* **What you should do**: Write out exactly the lines between the line containing "Consola oriental envejecida" and the end of the records, counting both ends, and leave out all pictures.

* **Extracted information**:
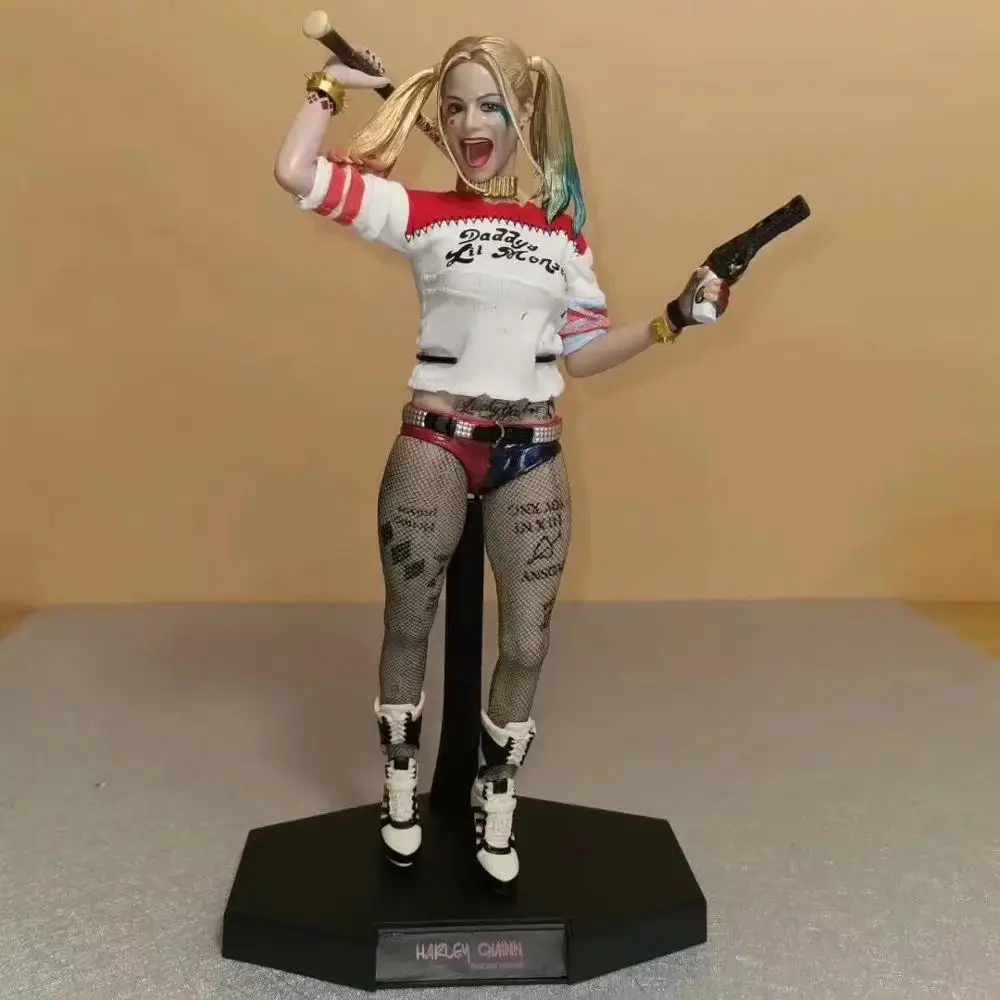 

NEW Hot 28cm true Stockings Suicide Squad Harley Quinn Harleen Quinzel Collectors 1:6 PVC Action Figure Toys Christmas Gift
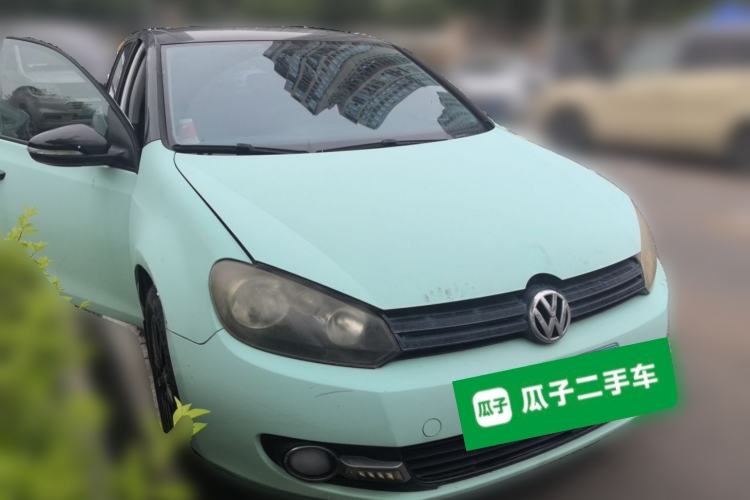 Used Volkswagen Golf 2012 1.6L Automatic Fashion Model Front Right 45 Deg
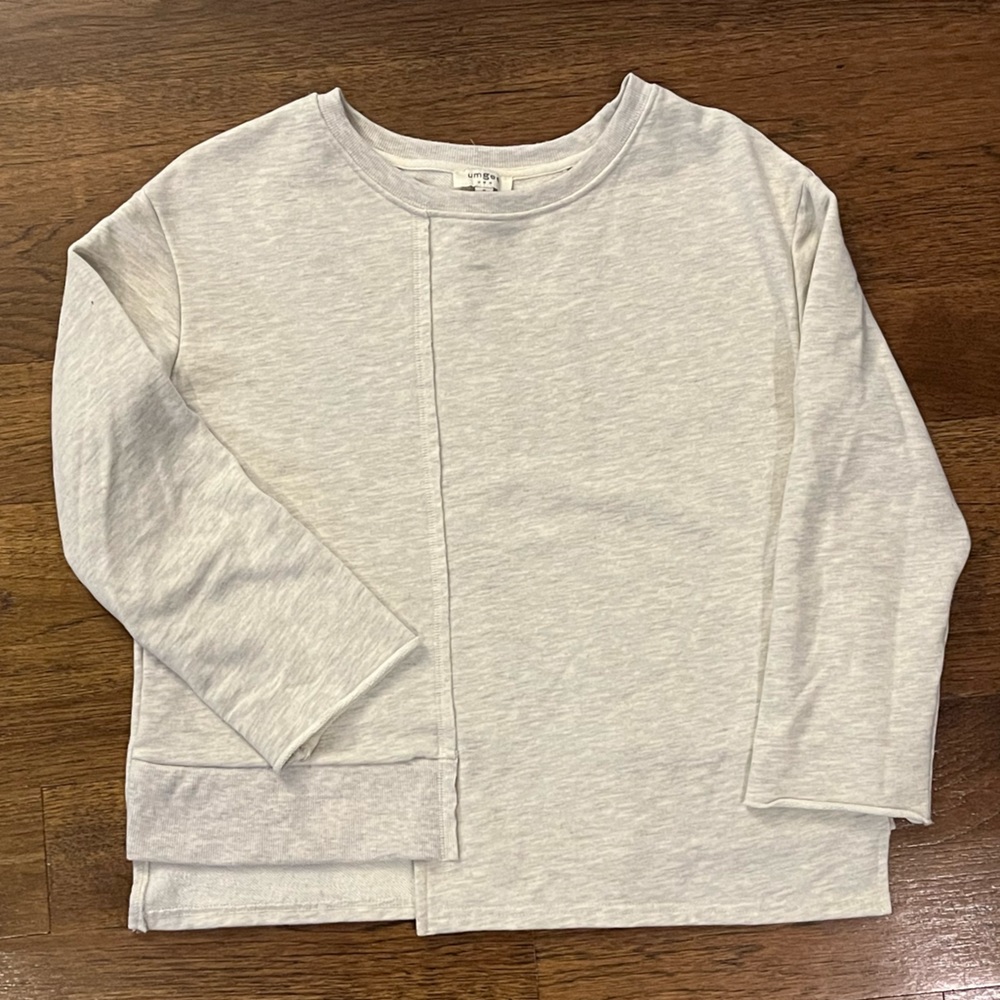 Umgee French Terry step hem top Small Oatmeal color
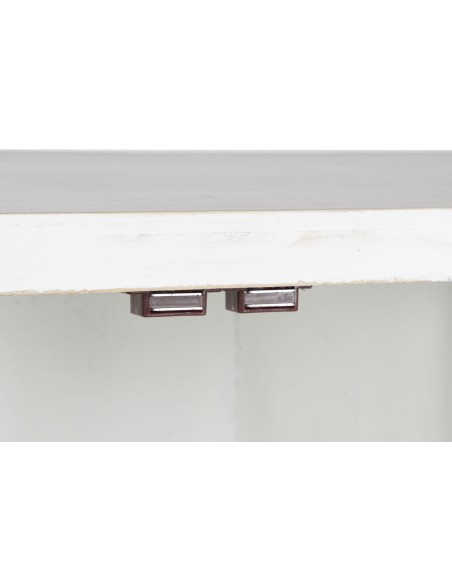 Consola oriental envejecida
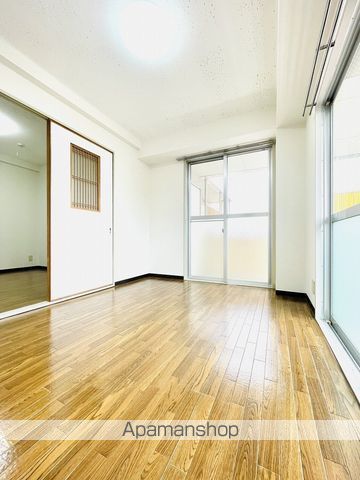 デザイナーズ8マンションの内装写真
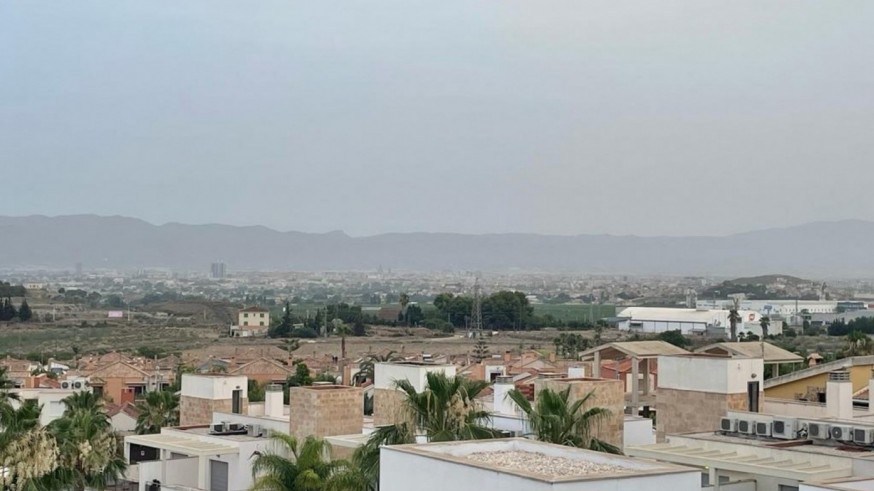 Empeora la calidad del aire por una lengua de polvo del Sáhara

* **Worked solution**:
 Consola oriental envejecida
 デザイナーズ8マンションの内装写真
 Empeora la calidad del aire por una lengua de polvo del Sáhara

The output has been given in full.